Well i clipped Suki, i kinda regret it, it didnt come out as i imagined it would, when it grows again she is deffo going to a groomer, lol

But her color is so so different to how it was before i clipped her, what color would you say she was now? i think in a few months you might not even see the phantom markings.. 

But i dont mind i still think she is gorgeous.

Before so much better with longer hair 









After





























Thanks for looking, sorry about the picture quality of the recent pics

x


----------



## PomPom (Aug 8, 2008)

Heres just a shot of her back


----------



## *heather* (Jul 30, 2009)

I think she still looks beautiful! Her color is so unique you really can't go wrong!  Are you worried she'll fade out to a more solid color? Her back does look a lot lighter doesn't it.... the more I learn about Spoo's the more I'm finding that color is a big guessing game!! No one really knows! lol


----------



## BFF (Jun 10, 2009)

I think she looks beautiful. I think you are disappointed because she looks different than you are used to seeing her. It also looks like you did a great job grooming her too. I love her color. She looks shimmery.


----------



## Fluffyspoos (Aug 11, 2009)

I bet her phantom markings will lighten up too, so you'll still have markings, just maybe a more apricot and cream when she's older? That's my guess, poodle are so unpredictable sometimes!


----------



## spoospirit (Mar 10, 2009)

_Well, she certainly does look different but she is still very beautiful.
_


----------



## thestars (May 2, 2009)

Suki is still sweet looking!!


----------



## WonderPup (Oct 26, 2008)

i Think she looks lovely and BFF is right, you are just a little shocked at how different the color is. 

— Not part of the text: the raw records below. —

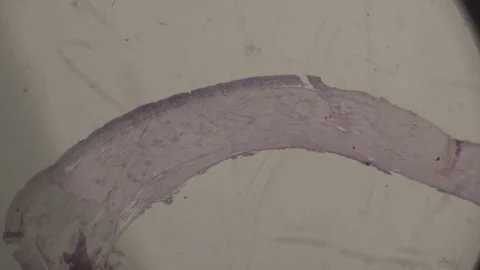 High-Magnification muscle tissue Under microscope Super Magnification. Stock Footage 238381360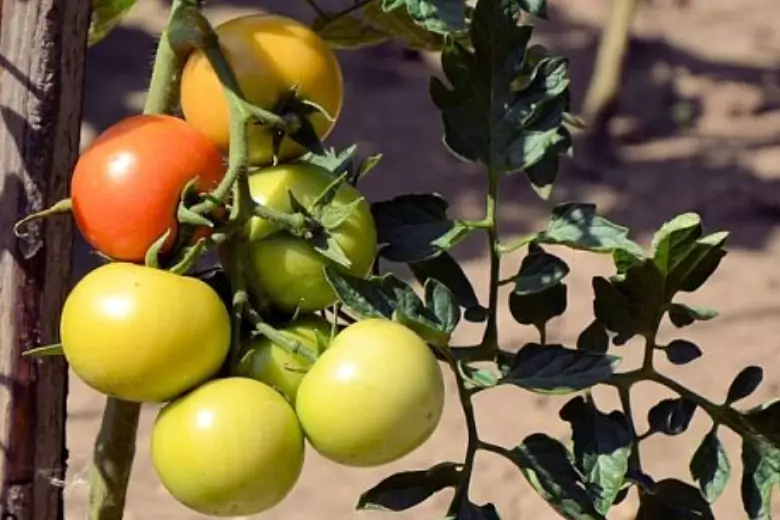 Если ваши томаты и перцы не поспевают вовремя, помочь процессу можно, прибегнув к обычным спичкам.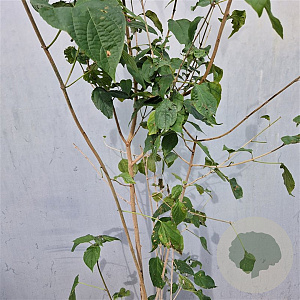 Clerodendrum trichotomum fargesii 175-200 cm 15L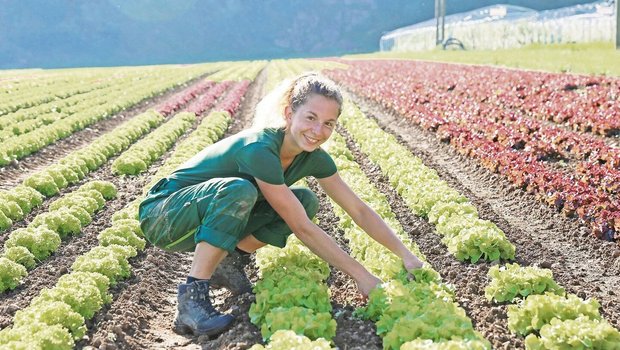 Die Landwirtschaft ist auf junge, motivierte Berufsleute angewiesen. Konkurrenzfähige Löhne zu zahlen, ist aber eine Herausforderung.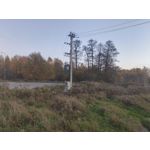ZDJĘCIA Z TEGO TELEFONU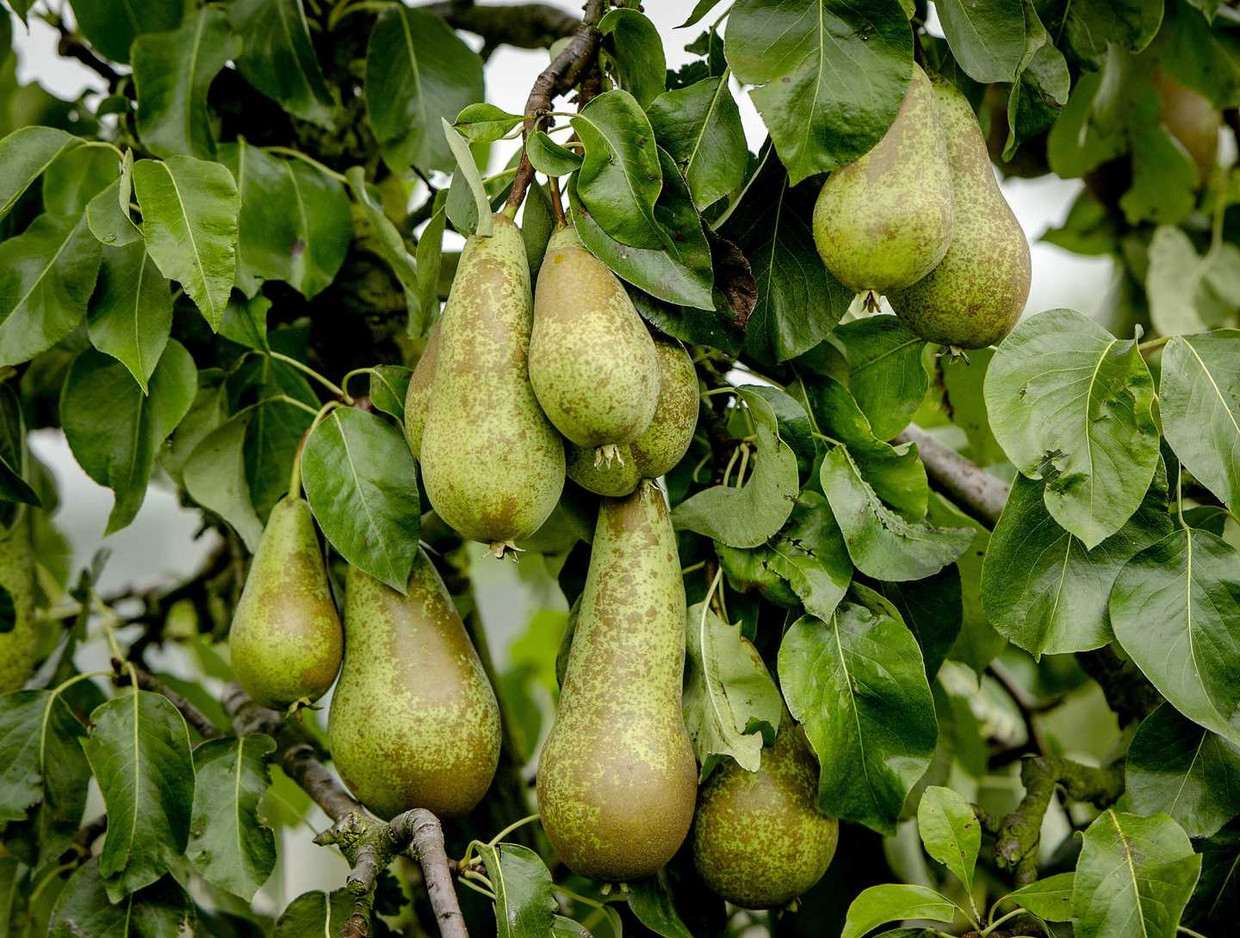 Peren in een perenkwekerij. Beeld anp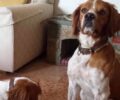Γαλάτσι Αττικής: Πέταξε φόλες στο μπαλκόνι τους και τους δολοφόνησε τον σκύλο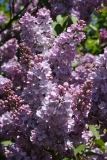 Decaisne__MSU_BG_TP_4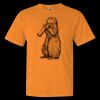 1717 - Comfort Colors Garment Dyed Heavyweight Short Sleeve Shirt Thumbnail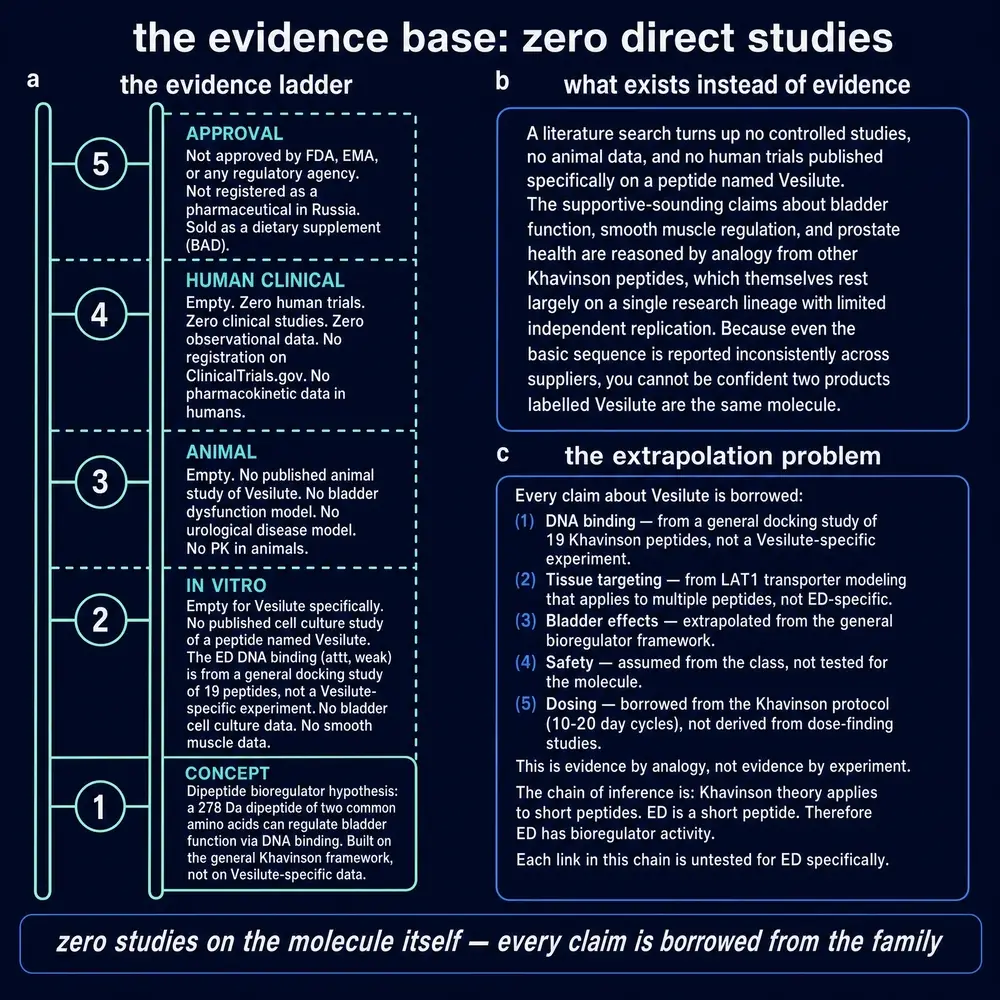 Evidence ladder: concept solid, higher rungs empty for named Vesilute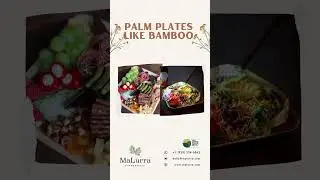 Sustainable Dining: Palm Leaf Plates Like Bamboo - Delivered directly from CA & NJ!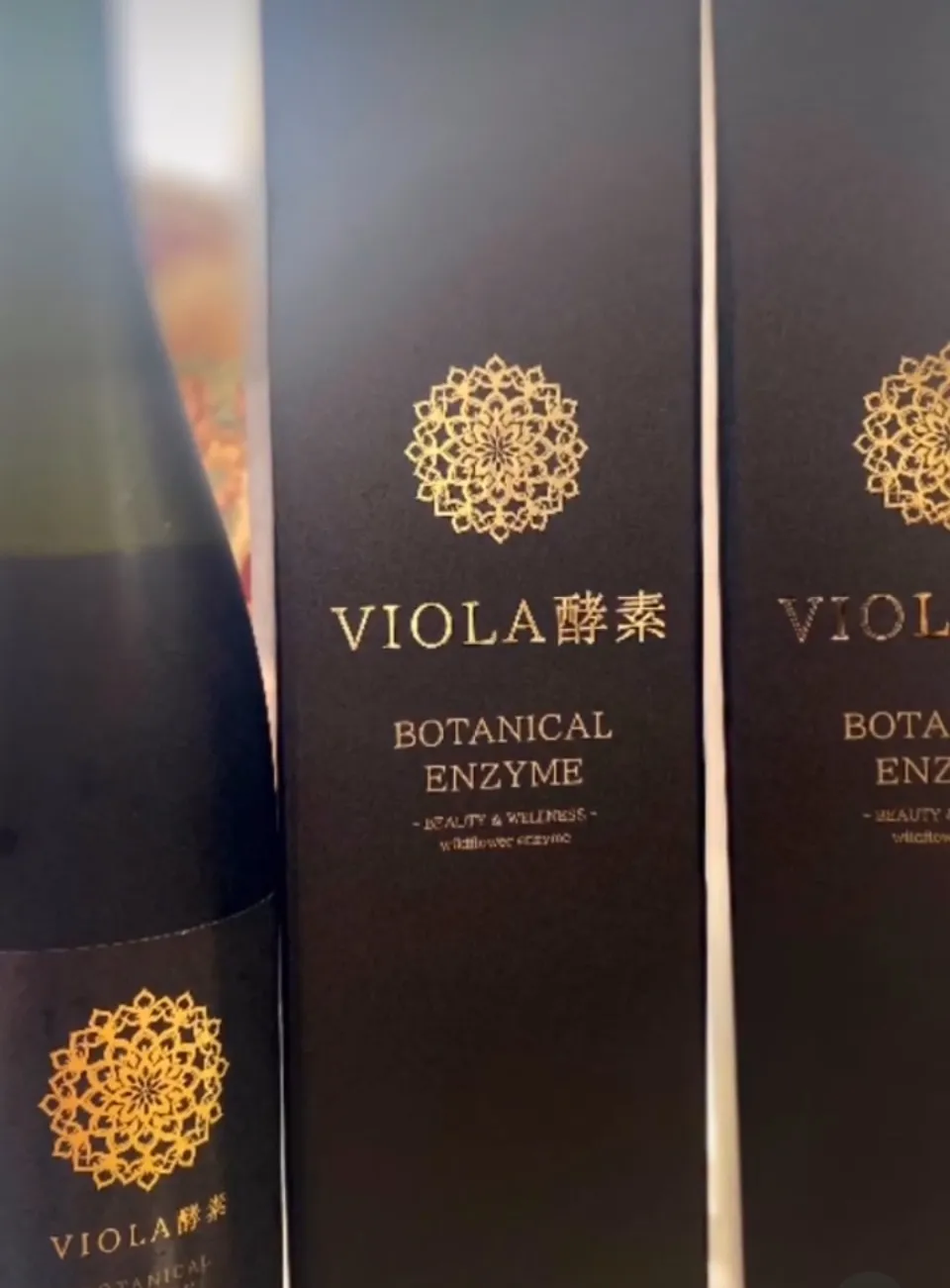 🌿ファスティングの効果と「VIOLA酵素」での新習慣🌿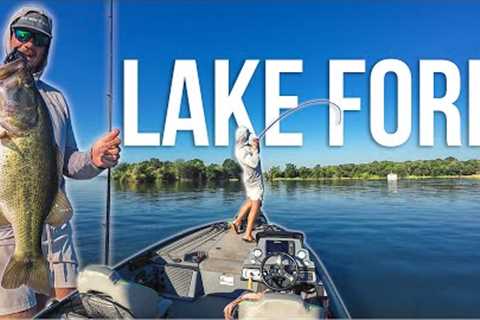 There are GIANTS EVERYWHERE (Lake Fork Summer Bass Fishing)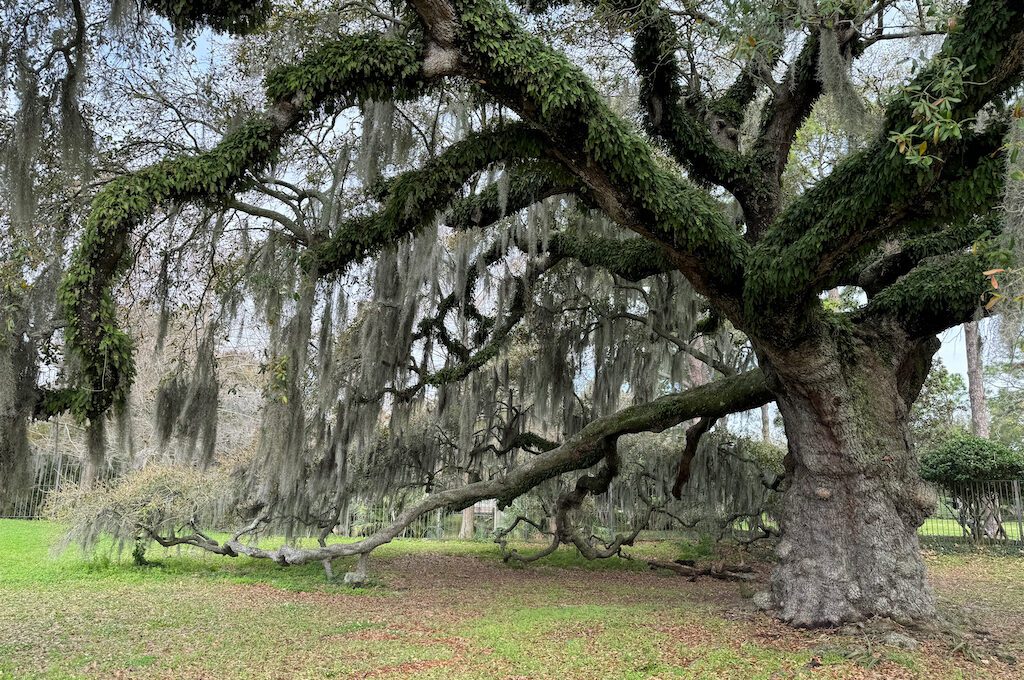 Dueling Oaks in New Orleans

You sound like me when I clipped Saleen shorter the first time. She was almost black on her body and then the hair closer to her skin was a much lighter silver. I cried. LoL. It was a little shocking. Not only was her adorable puppy fuzz gone but she was a different color. I wasn't expecting such a drastic change I suppose.


----------



## Purple Poodle (May 5, 2008)

I would say she is a Silver Beige Phantom & will most likely get lighter. I think she looks adorable and you did a pretty good job!


----------



## MericoX (Apr 19, 2009)

My guess she will clear like silvers do, and be that light color once she's older. You can kinda tell in some pics how the darker "red" is on the ends of the hair and not at the base.


----------



## PomPom (Aug 8, 2008)

Thanks everyone, i think its amazing how much her color is changing,  cant wait to see how she will end up


----------



## taxtell (Sep 17, 2009)

I like the way it looks like she has a 'widow's peak'.


----------